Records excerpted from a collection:
== Segment start ==

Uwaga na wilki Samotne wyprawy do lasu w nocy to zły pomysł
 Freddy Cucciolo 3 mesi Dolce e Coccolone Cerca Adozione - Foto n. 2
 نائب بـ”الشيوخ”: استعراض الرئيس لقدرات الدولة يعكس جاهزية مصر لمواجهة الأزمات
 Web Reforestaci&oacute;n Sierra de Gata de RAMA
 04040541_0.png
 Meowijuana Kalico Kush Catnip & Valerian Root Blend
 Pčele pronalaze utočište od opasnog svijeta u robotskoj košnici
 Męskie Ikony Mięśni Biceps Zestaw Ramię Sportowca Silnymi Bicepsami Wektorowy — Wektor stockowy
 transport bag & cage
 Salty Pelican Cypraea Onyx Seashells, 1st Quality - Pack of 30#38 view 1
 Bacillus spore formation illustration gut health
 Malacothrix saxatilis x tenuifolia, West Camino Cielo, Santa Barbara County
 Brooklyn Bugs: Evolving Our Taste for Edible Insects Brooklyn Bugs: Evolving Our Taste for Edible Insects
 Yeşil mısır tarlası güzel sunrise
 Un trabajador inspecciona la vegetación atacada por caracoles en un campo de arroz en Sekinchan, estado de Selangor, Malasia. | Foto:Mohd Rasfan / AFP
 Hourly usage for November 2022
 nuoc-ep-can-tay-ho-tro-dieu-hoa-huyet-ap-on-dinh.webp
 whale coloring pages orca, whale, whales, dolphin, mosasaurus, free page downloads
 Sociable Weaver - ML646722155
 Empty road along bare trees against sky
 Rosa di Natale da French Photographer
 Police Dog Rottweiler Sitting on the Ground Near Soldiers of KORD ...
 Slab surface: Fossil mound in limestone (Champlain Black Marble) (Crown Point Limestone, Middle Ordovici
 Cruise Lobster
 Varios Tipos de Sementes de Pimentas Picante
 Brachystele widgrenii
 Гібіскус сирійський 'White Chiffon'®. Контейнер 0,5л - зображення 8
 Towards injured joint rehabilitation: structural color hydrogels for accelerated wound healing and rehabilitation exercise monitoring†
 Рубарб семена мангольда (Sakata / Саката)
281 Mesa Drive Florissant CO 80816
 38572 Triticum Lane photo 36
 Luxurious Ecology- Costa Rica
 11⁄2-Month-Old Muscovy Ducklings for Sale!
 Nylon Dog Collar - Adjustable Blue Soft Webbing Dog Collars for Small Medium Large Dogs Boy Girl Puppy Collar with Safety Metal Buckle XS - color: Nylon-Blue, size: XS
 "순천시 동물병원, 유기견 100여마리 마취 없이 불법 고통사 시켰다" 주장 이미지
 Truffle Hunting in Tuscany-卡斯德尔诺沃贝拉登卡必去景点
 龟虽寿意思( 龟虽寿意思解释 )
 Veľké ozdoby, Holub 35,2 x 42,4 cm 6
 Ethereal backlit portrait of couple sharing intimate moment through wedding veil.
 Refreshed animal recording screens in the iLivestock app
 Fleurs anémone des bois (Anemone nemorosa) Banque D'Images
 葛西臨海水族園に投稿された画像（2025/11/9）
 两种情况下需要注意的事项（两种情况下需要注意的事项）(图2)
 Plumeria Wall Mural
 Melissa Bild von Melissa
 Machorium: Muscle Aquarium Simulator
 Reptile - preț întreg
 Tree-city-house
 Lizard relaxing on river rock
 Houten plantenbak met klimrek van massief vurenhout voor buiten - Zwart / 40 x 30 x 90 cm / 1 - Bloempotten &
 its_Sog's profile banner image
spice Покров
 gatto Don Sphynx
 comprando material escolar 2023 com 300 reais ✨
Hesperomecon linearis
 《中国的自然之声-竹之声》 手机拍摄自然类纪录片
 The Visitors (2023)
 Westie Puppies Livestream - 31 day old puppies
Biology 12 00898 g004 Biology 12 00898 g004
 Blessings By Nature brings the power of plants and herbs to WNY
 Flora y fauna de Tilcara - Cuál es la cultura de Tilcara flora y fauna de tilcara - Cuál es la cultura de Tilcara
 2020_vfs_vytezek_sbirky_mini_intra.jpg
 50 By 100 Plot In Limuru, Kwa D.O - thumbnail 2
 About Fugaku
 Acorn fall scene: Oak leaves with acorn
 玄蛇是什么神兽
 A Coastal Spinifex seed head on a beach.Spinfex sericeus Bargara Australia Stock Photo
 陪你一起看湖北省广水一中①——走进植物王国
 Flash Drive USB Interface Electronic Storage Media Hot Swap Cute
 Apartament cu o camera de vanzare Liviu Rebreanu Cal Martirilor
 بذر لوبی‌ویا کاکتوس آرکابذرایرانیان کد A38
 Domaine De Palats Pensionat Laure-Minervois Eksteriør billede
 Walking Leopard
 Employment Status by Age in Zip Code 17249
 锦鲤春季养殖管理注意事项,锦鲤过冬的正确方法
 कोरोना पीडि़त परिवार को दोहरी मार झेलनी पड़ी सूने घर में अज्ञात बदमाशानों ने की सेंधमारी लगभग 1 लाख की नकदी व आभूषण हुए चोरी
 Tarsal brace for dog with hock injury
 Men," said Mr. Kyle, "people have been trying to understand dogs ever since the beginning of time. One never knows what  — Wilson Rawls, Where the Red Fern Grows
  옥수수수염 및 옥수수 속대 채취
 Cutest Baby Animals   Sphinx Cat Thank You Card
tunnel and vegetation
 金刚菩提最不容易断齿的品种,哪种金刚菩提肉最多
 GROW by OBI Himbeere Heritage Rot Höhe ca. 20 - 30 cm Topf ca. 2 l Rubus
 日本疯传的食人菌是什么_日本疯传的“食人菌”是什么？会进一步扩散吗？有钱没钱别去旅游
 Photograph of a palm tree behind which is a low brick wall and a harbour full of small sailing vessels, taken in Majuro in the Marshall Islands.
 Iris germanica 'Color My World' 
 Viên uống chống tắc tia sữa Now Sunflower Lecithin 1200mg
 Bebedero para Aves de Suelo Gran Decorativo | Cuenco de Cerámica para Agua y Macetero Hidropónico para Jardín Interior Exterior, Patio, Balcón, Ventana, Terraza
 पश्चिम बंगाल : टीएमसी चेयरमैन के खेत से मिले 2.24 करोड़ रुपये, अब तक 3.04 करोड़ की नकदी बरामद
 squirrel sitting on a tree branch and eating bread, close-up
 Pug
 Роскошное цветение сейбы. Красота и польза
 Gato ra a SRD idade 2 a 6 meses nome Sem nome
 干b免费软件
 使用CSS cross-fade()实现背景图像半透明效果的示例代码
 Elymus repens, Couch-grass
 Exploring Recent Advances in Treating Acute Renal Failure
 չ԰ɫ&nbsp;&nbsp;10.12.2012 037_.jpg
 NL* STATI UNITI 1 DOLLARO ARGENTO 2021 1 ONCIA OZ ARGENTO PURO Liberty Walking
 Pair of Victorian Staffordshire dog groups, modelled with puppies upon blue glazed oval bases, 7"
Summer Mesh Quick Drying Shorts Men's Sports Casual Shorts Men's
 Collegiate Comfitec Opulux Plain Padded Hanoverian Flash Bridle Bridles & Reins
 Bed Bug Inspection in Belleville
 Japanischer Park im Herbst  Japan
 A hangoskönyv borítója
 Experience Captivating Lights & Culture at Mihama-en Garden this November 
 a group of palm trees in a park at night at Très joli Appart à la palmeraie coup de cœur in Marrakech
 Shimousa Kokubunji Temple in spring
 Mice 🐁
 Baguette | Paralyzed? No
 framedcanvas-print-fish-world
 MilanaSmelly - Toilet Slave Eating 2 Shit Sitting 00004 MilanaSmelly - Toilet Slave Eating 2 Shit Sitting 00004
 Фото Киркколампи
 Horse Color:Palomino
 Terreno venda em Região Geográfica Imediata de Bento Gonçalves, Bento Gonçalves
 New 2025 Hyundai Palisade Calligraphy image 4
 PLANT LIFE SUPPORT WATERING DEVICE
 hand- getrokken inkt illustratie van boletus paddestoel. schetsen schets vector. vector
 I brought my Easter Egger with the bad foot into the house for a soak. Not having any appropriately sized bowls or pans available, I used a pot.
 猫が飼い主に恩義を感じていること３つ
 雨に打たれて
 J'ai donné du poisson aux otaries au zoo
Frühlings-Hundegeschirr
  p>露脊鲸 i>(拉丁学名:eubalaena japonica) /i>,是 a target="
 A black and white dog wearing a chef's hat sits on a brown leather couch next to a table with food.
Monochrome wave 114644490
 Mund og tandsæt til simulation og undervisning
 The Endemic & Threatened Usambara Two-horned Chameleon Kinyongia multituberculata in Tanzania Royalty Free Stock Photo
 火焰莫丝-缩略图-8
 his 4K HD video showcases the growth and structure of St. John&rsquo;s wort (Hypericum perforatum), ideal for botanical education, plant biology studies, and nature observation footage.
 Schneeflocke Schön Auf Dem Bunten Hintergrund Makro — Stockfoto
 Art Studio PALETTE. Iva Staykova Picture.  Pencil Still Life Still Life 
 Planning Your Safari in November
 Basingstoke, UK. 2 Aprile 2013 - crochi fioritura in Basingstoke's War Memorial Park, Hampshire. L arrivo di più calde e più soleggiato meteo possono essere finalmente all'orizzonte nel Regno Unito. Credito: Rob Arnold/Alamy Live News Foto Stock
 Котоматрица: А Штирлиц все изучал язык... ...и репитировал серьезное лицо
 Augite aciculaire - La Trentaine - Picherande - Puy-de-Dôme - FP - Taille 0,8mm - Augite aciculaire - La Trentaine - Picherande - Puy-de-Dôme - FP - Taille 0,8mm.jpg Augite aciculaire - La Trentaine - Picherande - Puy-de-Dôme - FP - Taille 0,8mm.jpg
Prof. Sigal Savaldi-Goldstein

== Segment end ==

Your objective — Reproduce exactly the lines from the beginning of the entries above up to and including the line that contains "transport bag & cage".

Answer to this exercise —
Uwaga na wilki Samotne wyprawy do lasu w nocy to zły pomysł
 Freddy Cucciolo 3 mesi Dolce e Coccolone Cerca Adozione - Foto n. 2
 نائب بـ”الشيوخ”: استعراض الرئيس لقدرات الدولة يعكس جاهزية مصر لمواجهة الأزمات
 Web Reforestaci&oacute;n Sierra de Gata de RAMA
 04040541_0.png
 Meowijuana Kalico Kush Catnip & Valerian Root Blend
 Pčele pronalaze utočište od opasnog svijeta u robotskoj košnici
 Męskie Ikony Mięśni Biceps Zestaw Ramię Sportowca Silnymi Bicepsami Wektorowy — Wektor stockowy
 transport bag & cage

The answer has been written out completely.